The average food rationing for one person were as follows. The quantities are per week unless otherwise stated.
|Item||Maximum level||Minimum level||Rations (April 1945)|
|Bacon and Ham||8 oz (227 g)||4 oz (113 g)||4 oz (113 g)|
|Sugar||16 oz (454 g)||8 oz (227 g)||8 oz (227 g)|
|Loose Tea||4 oz (113 g)||2 oz (57 g)||2 oz (57 g)|
|Cheese||8 oz (227 g)||1 oz (28 g)||2 oz (57 g)Vegetarians were allowed an extra 3 oz (85 g) cheese|
|Preserves||1 lb (0.45 kg) per month
2 lb (0.91 kg) marmalade
|8 oz (227 g) per month||2 lb (0.91 kg) marmalade
or 1 lb (0.45 kg) preserve
or 1 lb (0.45 kg) sugar
|Butter||8 oz (227 g)||2 oz (57 g)||2 oz (57 g)|
|Margarine||12 oz (340 g)||4 oz (113 g)||4 oz (113 g)|
|Lard||3 oz (85 g)||2 oz (57 g)||2 oz (57 g)|
|Candy||16 oz (454 g) per month||8 oz (227 g) per month||12 oz (340 g) per month|
1 egg per week or 1 packet (makes 12 “eggs”) of egg powder per month (vegetarians were allowed two eggs)
Arrangements were made for vegetarians so that their rations of meat were substituted by other goods.

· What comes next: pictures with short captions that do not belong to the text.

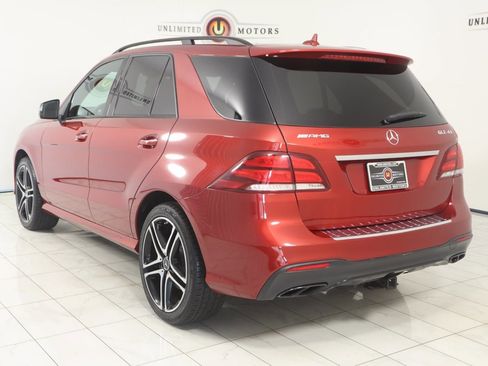 Used 2019 Mercedes-Benz GLE 43 AMG 4MATIC image 4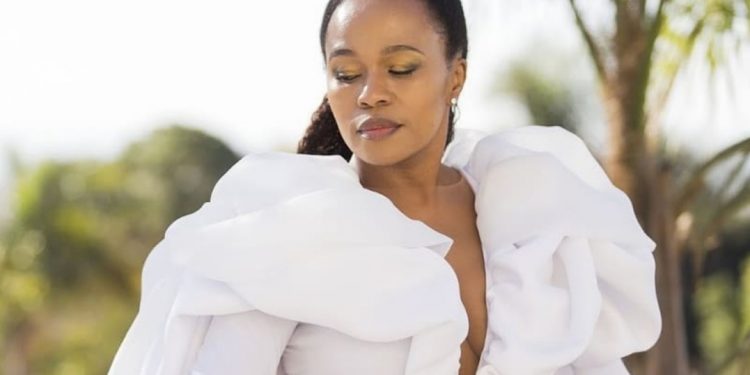 Sindi dlathu--Lindiwe the river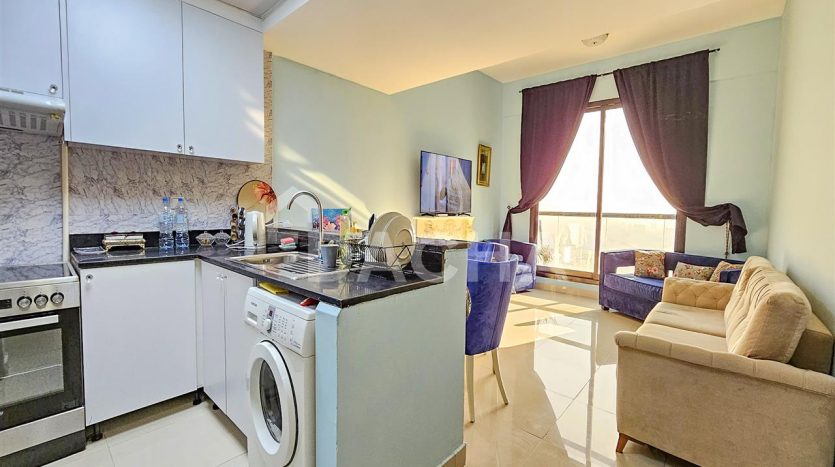Apartment on Dubai Marina, 1 bedroom, 65.3 m2  | Foto 1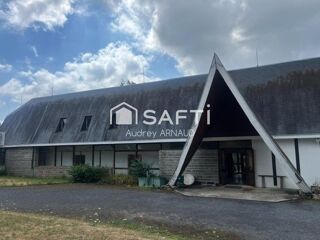  Immeuble à vendre 2600 m² Pontaumur
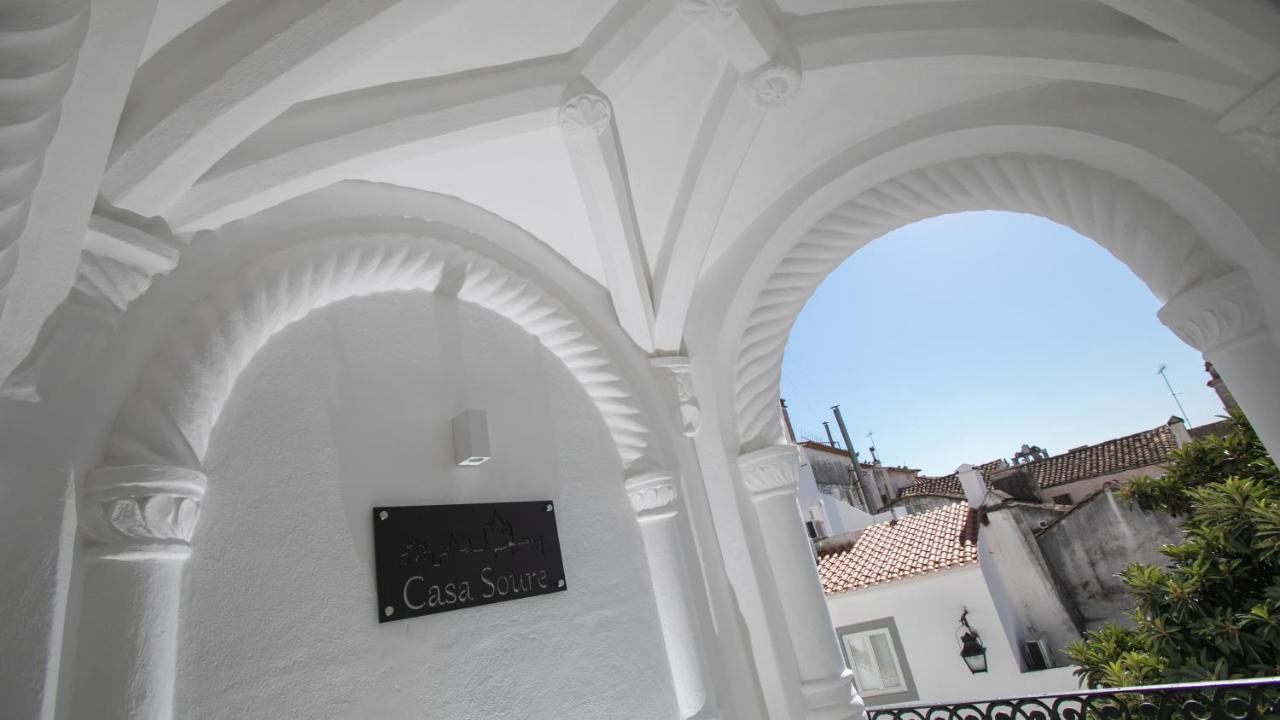 Casa Soure Suites And Apartments エヴォラ エクステリア 写真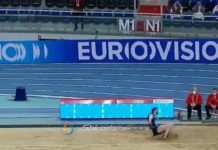 Izmir Smajlaj i pafat, jashtë finales së Europianit për vetëm 5 centimetra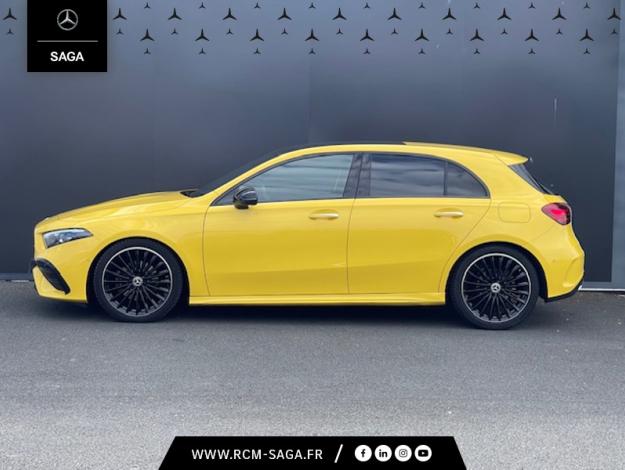 MERCEDES-BENZ Classe A 200 d AMG Line  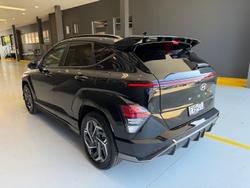 2025 Hyundai Kona Hybrid Elite N Line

Milk was supplied at three imperial pints (a little larger than a US pint) each week for expectant mothers and children under five. Each consumer got one tin of milk powder (equal to 8 imperial pints every 8 weeks.
There were no ration restrictions on fruit, potatoes, fish, or vegetables. Most types of fruit and vegetables were hard to find, especially onions. Most fruits and vegetables that were available were locally in England grown, because shipping was limited. This greatly limited the types of fruit that you could get. Bread was not rationed, but no white flour was available. The “national loaf” of wholemeal bread replaced the ordinary white variety, to the distaste of most housewives who found it mushy, grey and easy to blame for digestion problems. People were encouraged to dig up their lawns and flower beds to create “victory gardens”, and grow their own vegetables.
Any left over fat or drippings from cooking the meat was spread on bread like butter. Nothing was wasted. My grandfather always had a large garden and because of it they got by well. Even so I can remember my mother crying in 1947 when she arrived in Canada and saw all the meat for sale.
The good effect of food rationing was that by the end of the war the poor people of Britain had never been so healthy!